Le Cabinet des censuré.e.s est une des expositions à voir cet automne à Québec. Autant pour la très intéressante sélection des artistes que pour les enjeux que leurs oeuvres soulèvent. Elles ont en commun d’avoir été censurées de différentes manières et pour diverses raisons : projets annulés faute d’appui de la part des diffuseurs, œuvres retirées sans préavis, interventions in situ jugées inopportunes.
Cette exposition s’interroge sur les effets psychologiques de la censure sur les artistes à travers témoignages, œuvres et performances, une dimension rarement investigué. Lorsqu’on s’intéresse à la censure, c’est le plus souvent pour identifier les censeurs et pour revendiquer la liberté d’expression. Voilà l’occasion de revoir Hommage à Sa Gratieuse Majesté (2008) de Martin Bureau, un trou d’homme dont la réalisation a été suspendue lorsqu’une fonderie a refusé de couler ce portrait de la reine coiffé d’un panache d’original.
À l’époque, le projet de Bureau, inspiré des pièces de monnaie de trente sous, faisait parti d’une intervention publique de Folie/culture, composé d’une série de grilles pour bouches d’égout imaginées par différents artistes.

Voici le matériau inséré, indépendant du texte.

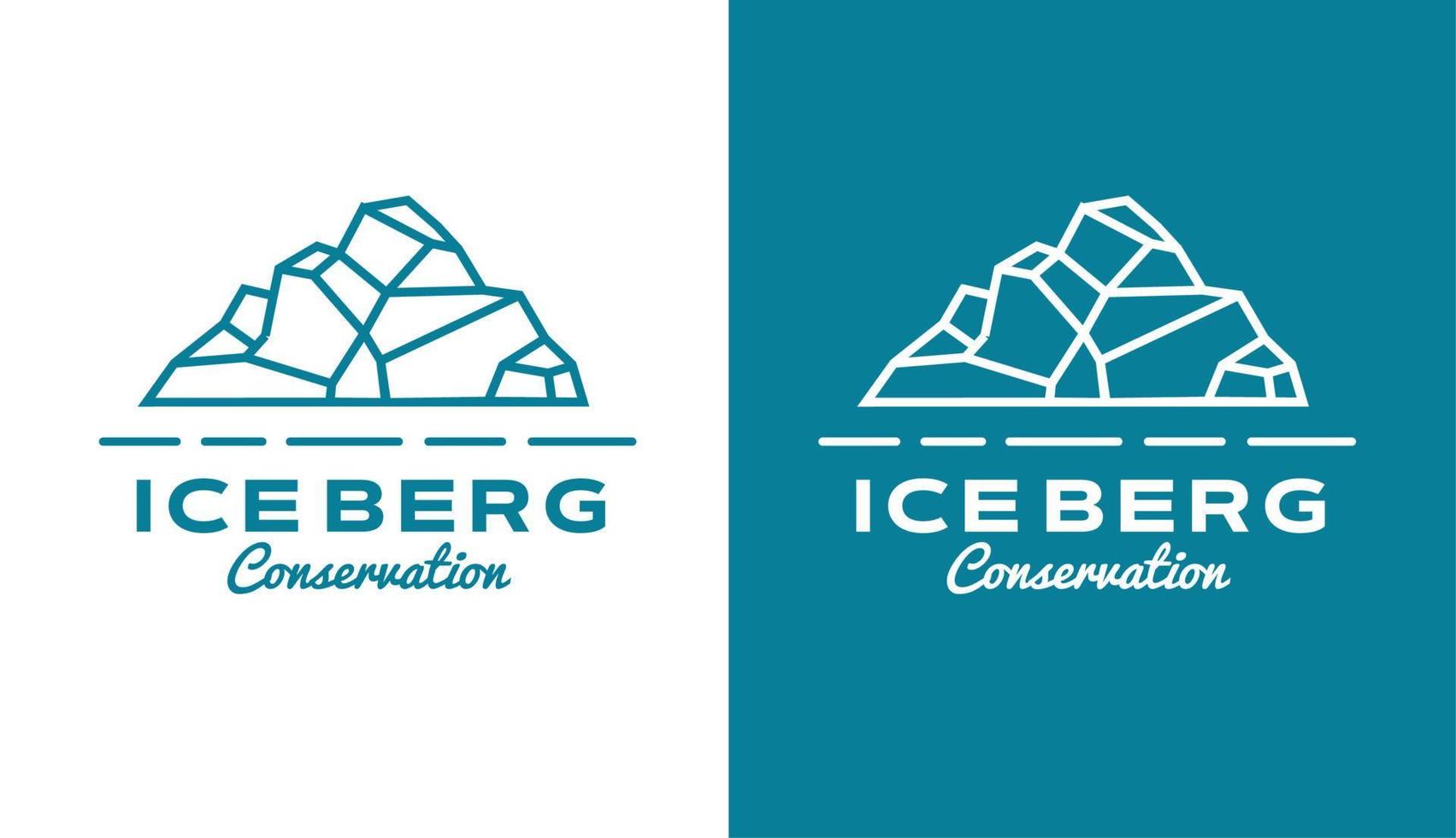 antarctica mountains with sun, vintage monoline iceberg logo design for climber and adventure vector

S’il n’a pu participer à l’événement urbain, Martin Bureau en a cependant fait a coulé trois exemplaires pour des collectionneurs privés. Cette œuvre critiquant la monarchie anglaise est peut-être l’œuvre la plus fameuse du groupe.

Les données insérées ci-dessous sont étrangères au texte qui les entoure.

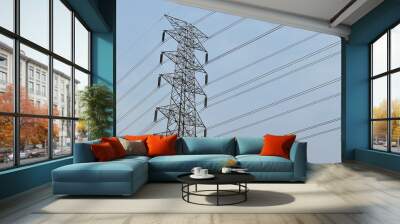 high voltage power line against a sky Wall mural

C’est aussi l’occasion de découvrir les oeuvres censurées des montréalais Steve Giasson et Helena Martin Franco et de connaître les enjeux entourant la censure de la fresque de la photographe Isabelle Hayeur, qui n’a pu voir le jour à Montréal, ou la censure des oeuvres de John Bayle-Singfield à Chicoutimi.
L’exposition présente aussi des œuvres du peintre et performeur Christian Messier, qui a vu ses tableaux retirés de l’exposition La foret s’en vient II à la salle André-Mathieu à Laval en 2017, vraisemblablement pour cause de nudité à la suite d’une plainte provenant du public. Six des quinze tableaux présentés avaient alors été retirés. Cela rappelle que les oeuvres acquièrent un surplus d’aura dans la tourmente. N’est-ce pas d’ailleurs le paradoxe de la mise à l’index, qui fait connaitre davantage une oeuvre par la controverse qu’elle suscite? Pensons aux pièces Slav et Kanata de Robert Lepage qui ont fait la manchette en 2018, et dont on parle encore.